Key numbers, terms, and concepts to remember
- Number of amino acids: 20, each with distinct chemical behavior.
- Genome length reference: the human genome contains about 3{,}000{,}000{,}000 letters; many other genomes exist with billions of letters.
- DNA code vs. amino acid code: four-letter DNA code vs. twenty-letter amino acid code; the two are related through transcription and translation.
- Protein substructure interactions: a protein’s fold brings distant linear residues into proximity, e.g., $a6$ and $a{18}$ may interact in 3D space.
- Coevolution criterion: correlated mutations in interacting residue pairs can stabilize the fold; gathering at least around 100+ such cases strengthens predictive models via constraints.
- Potential outputs of design: proteins that assemble into nanoscale cages, targeted therapeutics, and novel materials.
Hypothetical scenarios and examples
- Scenario: A researcher gathers a database of correlated mutations across many genomes, identifying a set of residue pairs with high mutual information.

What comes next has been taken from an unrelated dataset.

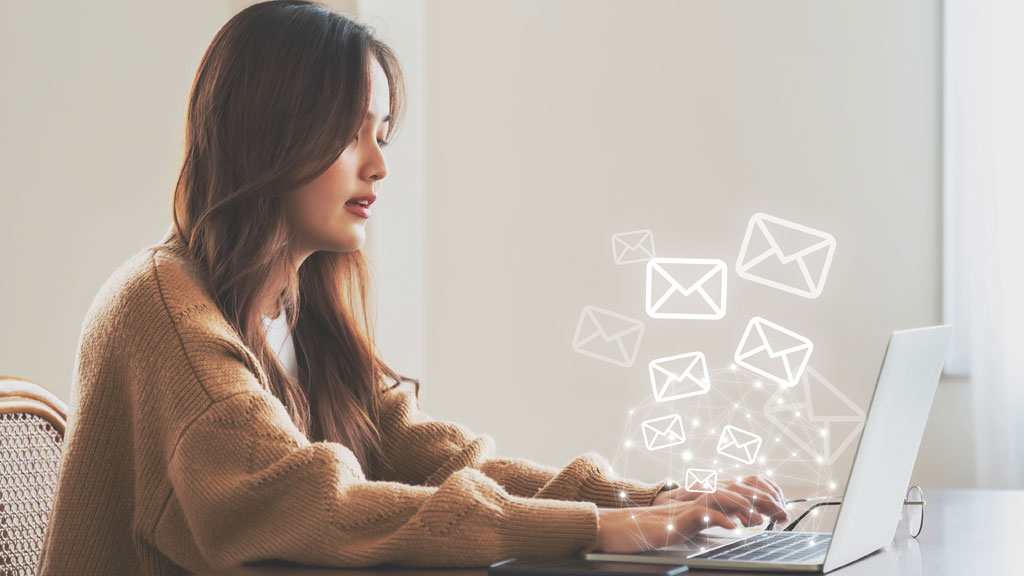 Gestionnaire de copropriété naviguant sur tablette dans salle de réunion moderne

These pairs become constraints in a folding algorithm, reducing the number of plausible folds and revealing the correct structure faster.
- Scenario: A designed protein self-assembles into a cage that safely carries a therapeutic payload to a targeted tissue, reducing off-target effects.
- Scenario: A new protein-based material is engineered to form a surface with enhanced efficiency for solar energy capture or electron transfer in devices.
Summary takeaway
- The shape of a protein—the 3D arrangement of its amino acids—drives its function.
- Predicting folding from sequence is challenging, but leveraging co-evolutionary constraints derived from genome data significantly improves accuracy.
- Computational design is enabling the creation of proteins with novel functions and applications in medicine and technology, with broad potential but also important ethical and practical considerations.